[Material shown]:
+--
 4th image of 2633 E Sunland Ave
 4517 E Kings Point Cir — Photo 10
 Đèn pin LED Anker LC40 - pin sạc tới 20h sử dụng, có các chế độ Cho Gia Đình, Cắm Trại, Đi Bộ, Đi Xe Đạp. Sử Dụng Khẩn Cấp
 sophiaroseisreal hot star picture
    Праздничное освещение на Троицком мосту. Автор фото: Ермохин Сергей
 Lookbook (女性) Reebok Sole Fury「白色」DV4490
+--
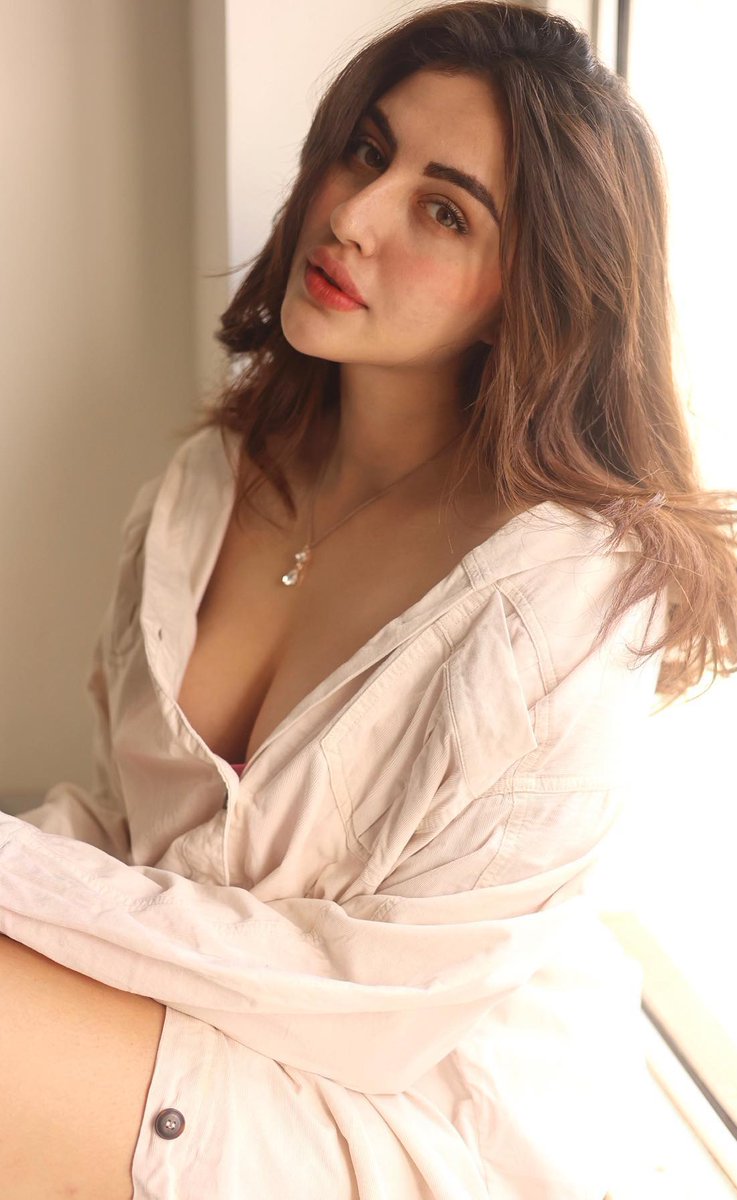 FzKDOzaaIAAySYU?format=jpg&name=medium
+--
[Required work]: From the entries above, extract only the lines running from the one containing "4th image of 2633 E Sunland Ave" through the one containing "Lookbook (女性) Reebok Sole Fury「白色」DV4490", inclusive.

[Finished exercise]:
 4th image of 2633 E Sunland Ave
 4517 E Kings Point Cir — Photo 10
 Đèn pin LED Anker LC40 - pin sạc tới 20h sử dụng, có các chế độ Cho Gia Đình, Cắm Trại, Đi Bộ, Đi Xe Đạp. Sử Dụng Khẩn Cấp
 sophiaroseisreal hot star picture
    Праздничное освещение на Троицком мосту. Автор фото: Ермохин Сергей
 Lookbook (女性) Reebok Sole Fury「白色」DV4490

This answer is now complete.